EDIT: The second part is done. The .rar file includes the entire first tutorial and the second tutorial contains not only a way longer tutorial (roughly 100 pages, albeit with a lot of screen shots) but also much, much more useful code if you just want to cannibalize this stuff. Get it here: http://www.dreamstem.com/files/dla1-2.rar (until verge-rpg's file system accepts the sucka.)

So I just uploaded the first part of my new-user tutorial: DEMON LORD ADVENTURE TUTORIAL. There will be three parts.

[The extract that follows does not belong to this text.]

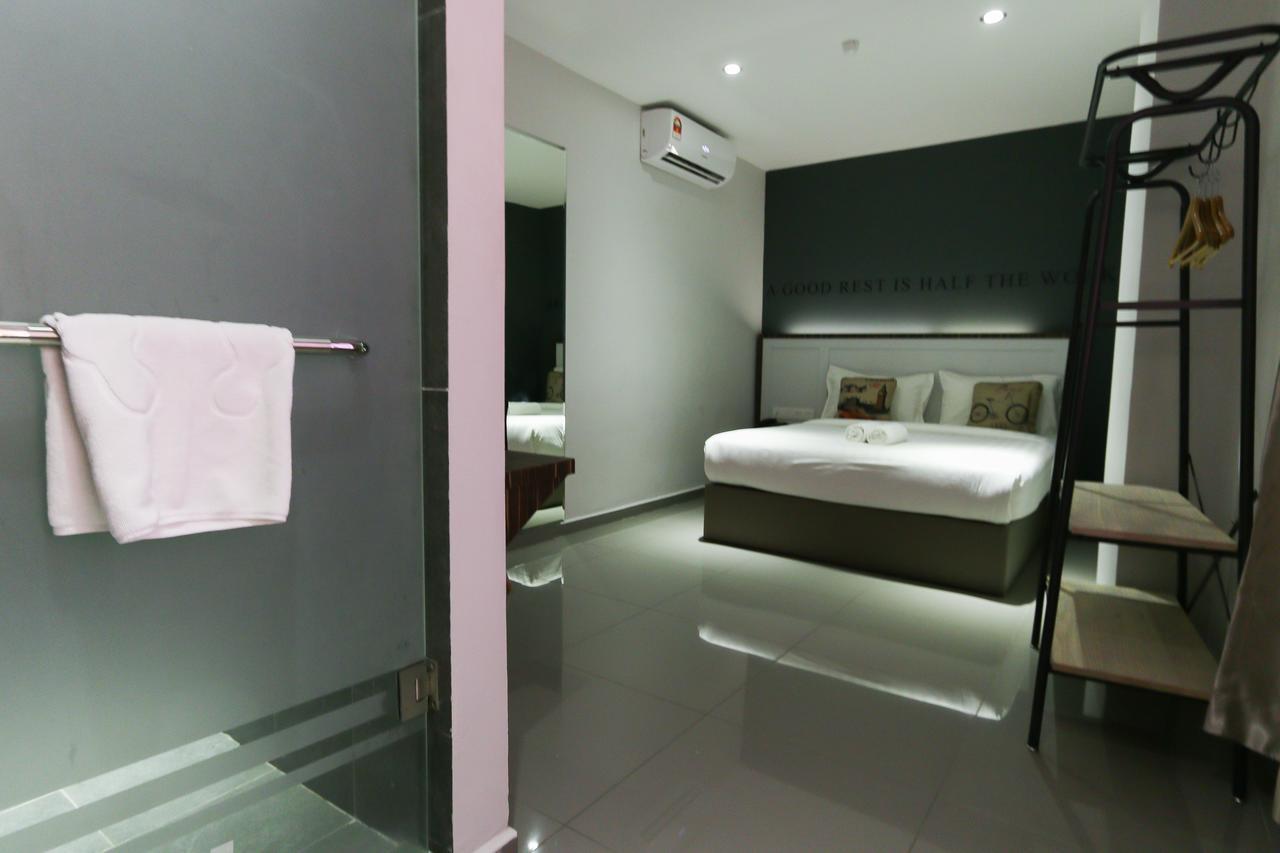 Hotel 99 Kota Kemuning Shah Alam Bagian luar foto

Each will involve creating a short, terrible game called DEMON LORD ADVENTURE, and each will expand slightly upon the DEMON LORD ADVENTURE universe and its gameplay mechanics.

The current release is still kind of awful, but if one literally just does not want to code anything new at all ever, this offers a "working" textbox, menu system, and battle system, and explains how each is coded so that you can modify them to your heart's content (which you will very much want to do.) The point of this whole thing is to take Overkill's tutorial (which is awesome) as a starting point and then try to build some more simple RPG-like systems and functions and walk new users through the process of building such systems and functions, for the sake of the greater glory and to ease the transition from "wanting to make a game" to "mastering a C-based programming language." There's other stuff that fulfills this purpose out there (Sully Simpletype library in particular), but if you really just do not know anything about C-based programming the Simpletype library won't help just yet. Interim measures are required! The community must grow! That which does not evolve must die!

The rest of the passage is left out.